The full inference procedure is performed in the inference method. First the Gibbs sampling procedure is performed. This is done by iterating over each word in the corpus and during each iteration, the conditional probability distribution over all topics for that word is calculated with the following equation from part I,

$$P(z_i=j|z_{-i},w) \propto \frac{n_{-i,j}^{w_i}+\beta}{n_{-i,j}+W\beta}\frac{n_{-i,j}^{d_i}+\alpha}{n_{-i}^{d_i}+K \alpha}$$

This is done in the method called gibbsDistribution. The distribution is returned as a Multinomial distribution (see the scaladocs for Breeze Multinomial distribution). Then a new topic is sampled from this multinomial distribution and assigned to the word object.

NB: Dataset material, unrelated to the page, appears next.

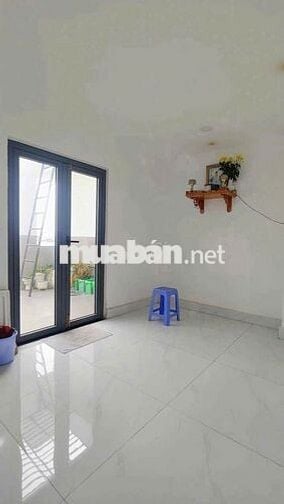 Bán nhà Mặt Tiền Đường Nguyễn Thị Xinh Q12. 3 lầu,4p. Giá : 6,89 tỷ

And finally, the doc/topic and topic/word counts are updated to reflect this new assignment (where the word ID from vocabulary is used to associate words with columns in the topic/word matrix). This sampling procedure runs for 10,000 iterations (so that we can be sure that MCMC convergence has occurred). The next step in inference is to calculate the $$\theta$$ and $$\phi$$ probability matrices. This is done using the count matrices and the following equations from part I,

$$\theta_{i,k}=\frac{n_i^k+\alpha_k}{\sum_{k=1}^Kn_i^k+\alpha_k}$$ and $$\phi_{k,w}=\frac{n_w^k+\beta_w}{\sum_{w=1}^Wn_w^k+\beta_w}$$

The count matrices are transformed into probability matrices in place to save on memory. The printTopics method prints the topics found from the $$\theta$$ matrix in terms of the most likely words for each topic. The printTopicProps method prints the most likely topics for a particular document within the corpus from the $$\phi$$ matrix.

Hopefully this series of blog posts has shed some light on some of the mysteries of Latent Dirichlet Allocation. The above code snippets were taken from my Scala implementation that you can find at my ScalaTopicModels github repo.